La surfréquentation est le lot du quotidien de la belle saison : 700 000 visiteurs dont 130 000 cyclistes tous les ans. « Victime de son succès, cette fréquentation du sommet génère un trop fort impact sur les milieux naturels : piétinement et dégradation des éboulis sommitaux et de sa flore exceptionnelle… », affirme le parc sur son site internet. Alors, des travaux d’aménagement ont été engagés avec le département. Objectif : mieux concilier les différents usages du site avec la protection de la nature. Livraison prévue à l’automne. Pour les écologistes, la construction de nouveaux parkings est inadaptée. « Avec France nature environnement et d’autres associations on préférerait que le sommet ne soit plus accessible aux voitures. Les visiteurs laisseraient leurs véhicules au Chalet Reynard ou au Mont Serein et emprunteraient des navettes », expose Jean-Luc Deveaux.
Sur-tourisme
Dans les villages du pied, qui comptent plus de magasins de vélos que de boulangeries, des voix s’alarment aussi sur les effets d’un sur-tourisme. Les associations Sauvegarde du patrimoine de Malaucène (Spam) et Collectif citoyen Bédoin Ventoux dénoncent des déséquilibres induits pour les habitants : un urbanisme non maîtrisé, des difficultés à se loger à cause de l’envol des prix de l’immobilier en plus d’une offre d’emplois précaires et saisonniers.
Ancien membre de l’association de Bédoin, le flamand Jan Leemans s’agace des avantages offerts par les communes aux courses cyclo-sportives qui attirent des milliers de participants. Pour les maires, elles sont synonymes de prospérité, alors ils mettent à disposition salles communales et espaces publics. « A 6 heures du matin le jour de la course, tu ne dors plus tellement il y a de la musique et tout le bazar. Ils gèrent le trafic avec des bonshommes qui ne parlent même pas français. Les communes donnent leur souveraineté », juge l’habitant de Bédoin. La plus courue, La Cannibale, s’élancera cette année de Malaucène le 11 septembre3.
Mais pour le Tour de France cette année, « cette fois-ci c’était beaucoup plus civilisé », observe Jan Leemans, notamment grâce à l’interdiction d’accès motorisé au Ventoux dès la veille. Autre satisfaction, les grands projets inutiles de vélodrome à Bédoin (Cf le Ravi n°161) et de résidences de tourisme à Malaucène (cf le Ravi n°177) ont été abandonnés. L’espoir d’une présence cycliste plus respectueuse serait-il permis ?

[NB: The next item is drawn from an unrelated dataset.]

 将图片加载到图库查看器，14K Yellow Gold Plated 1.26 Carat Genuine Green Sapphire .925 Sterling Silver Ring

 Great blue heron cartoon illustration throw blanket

1. Dernier né des PNR de Paca, le parc du Mont Ventoux a été créé par décret le 28 juillet 2020.
2. A l’instar d’un Pogacar cumulant les maillots distinctifs, l’ancienne directrice d’école aligne les mandats : présidente de la Cove, vice-présidente LR de la région au renouveau démocratique (sic) et conseillère municipale de Carpentras élue sur la liste du maire DVG Serge Andrieu.
3. Appelée ainsi en hommage au surnom de son parrain, la légende cycliste belge Eddy Merx. 173 kilomètres et 4500 mètres de dénivelés au programme.